Bob Crites may have a replacement diaphram for your tweeter or may can repair it:

http://www.critesspeakers.com/klipsch_tweeters.html

He tends to specialize in the upper lines of Klipsch speakers, but it would not hurt to contact him.


----------



## skinney6 (Jun 9, 2012)

lcaillo said:


> The only precise option is to replace it with the identical part from Klipsch


I'm emailing Klipsch to try to get a price from them. they gave me a part # but not a price. I'm sure it will be expensive.



> Bob Crites may have a replacement diaphram for your tweeter or may can repair it


I'll contact Bob.

Thanks you two


----------



## WRYKER (Jan 23, 2009)

skinney6 said:


> I'm using them as my mains and when i do a REW measurement (20-300hz) right toward the end the L makes a weird, high, vibrating, buzz (like a misquito) and i'm sure it's the tweeter. speaker exchange has one for $25 but i'd like to explore my options.


Did you get a new AVR recently? I ask since I did and one of my tweeters is blown but after swapping it out with the other it appears the crossover has gotten 'messed up'.


----------



## skinney6 (Jun 9, 2012)

WRYKER said:


> Did you get a new AVR recently? I ask since I did and one of my tweeters is blown but after swapping it out with the other it appears the crossover has gotten 'messed up'.

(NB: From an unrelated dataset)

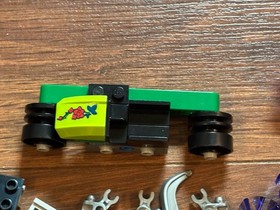Lego Super Hero Girls 41232 Supergirl Poison Ivy Lena Batgirl Minifigure & Parts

Same AVR. you replaced the tweeter in a speaker then the crossover in that speaker got messed up?


----------



## WRYKER (Jan 23, 2009)

No. I replaced my AVR and right after that the tweeter was blown. I swapped the Left w/the Right speaker and it followed the speaker. I then got in a new tweeter and same issue. I then took the 'good' one and put it in the 'bad' one and vice versa and it still happened. So it points to the speaker. I'm going to hook up my prior AVR tonight or tomorrow to test out that final piece.


----------



## skinney6 (Jun 9, 2012)

so it not necessarily the tweeter, could be the xover?

well that's fantastic... lol


----------



## WRYKER (Jan 23, 2009)

My thoughts exactly. They'll repair it; I just have to ship it to them which won't be 'cheap'!


----------